Problem description:
In the data below, one line contains "Katzenbrunnen 2,2L –" and a later one contains "At Precision Glass". Print both, with every line between them, exactly and alone.

Information START

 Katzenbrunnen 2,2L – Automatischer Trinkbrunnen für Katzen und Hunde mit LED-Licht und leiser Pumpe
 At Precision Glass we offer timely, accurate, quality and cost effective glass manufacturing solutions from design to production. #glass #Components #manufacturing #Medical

Information END
Information START

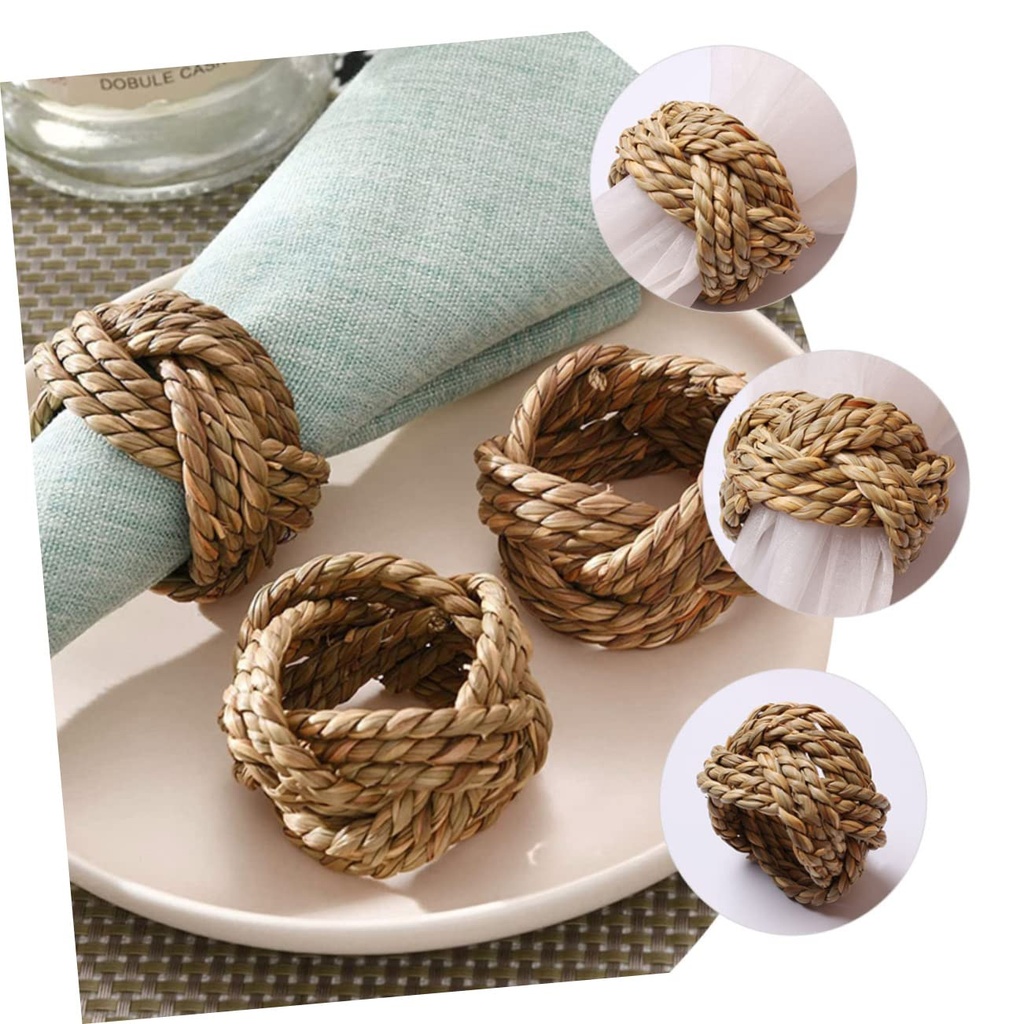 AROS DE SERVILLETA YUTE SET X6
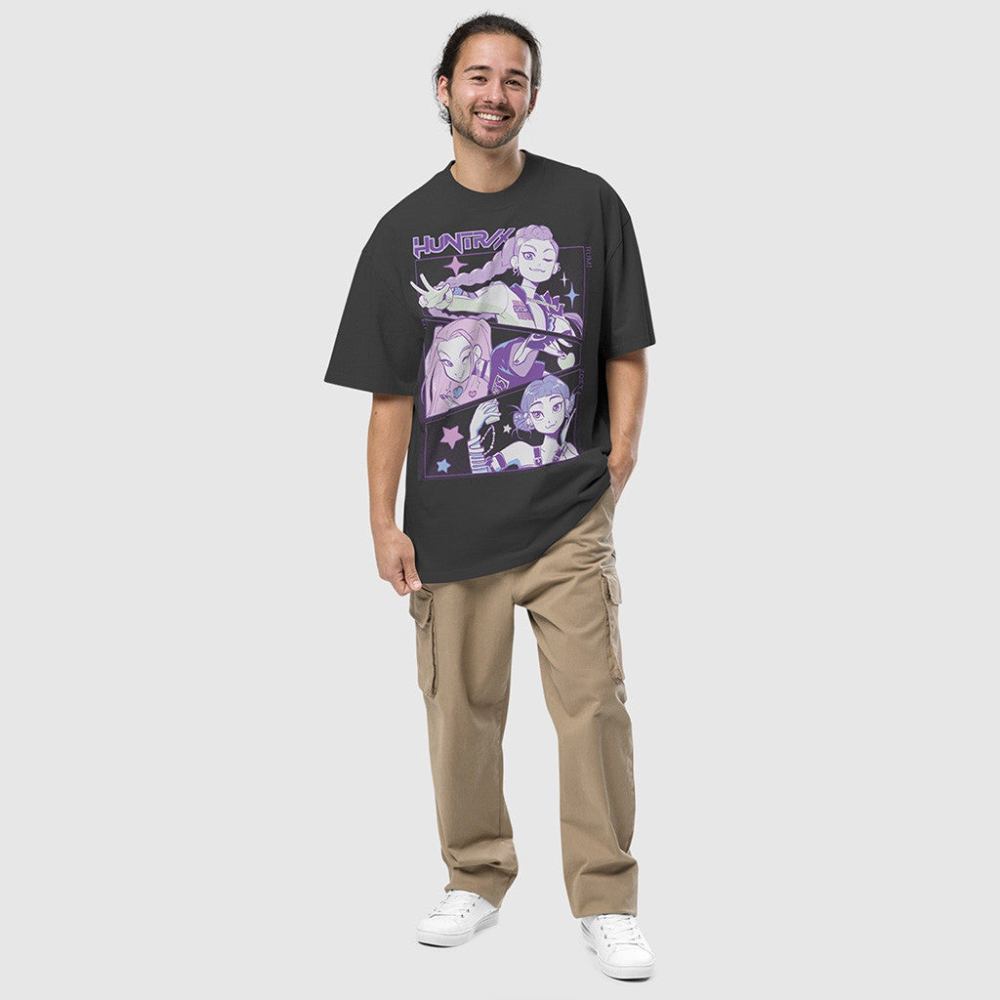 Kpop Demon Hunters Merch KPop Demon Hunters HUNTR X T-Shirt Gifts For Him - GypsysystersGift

Information END

Response area:
 Katzenbrunnen 2,2L – Automatischer Trinkbrunnen für Katzen und Hunde mit LED-Licht und leiser Pumpe
 At Precision Glass we offer timely, accurate, quality and cost effective glass manufacturing solutions from design to production. #glass #Components #manufacturing #Medical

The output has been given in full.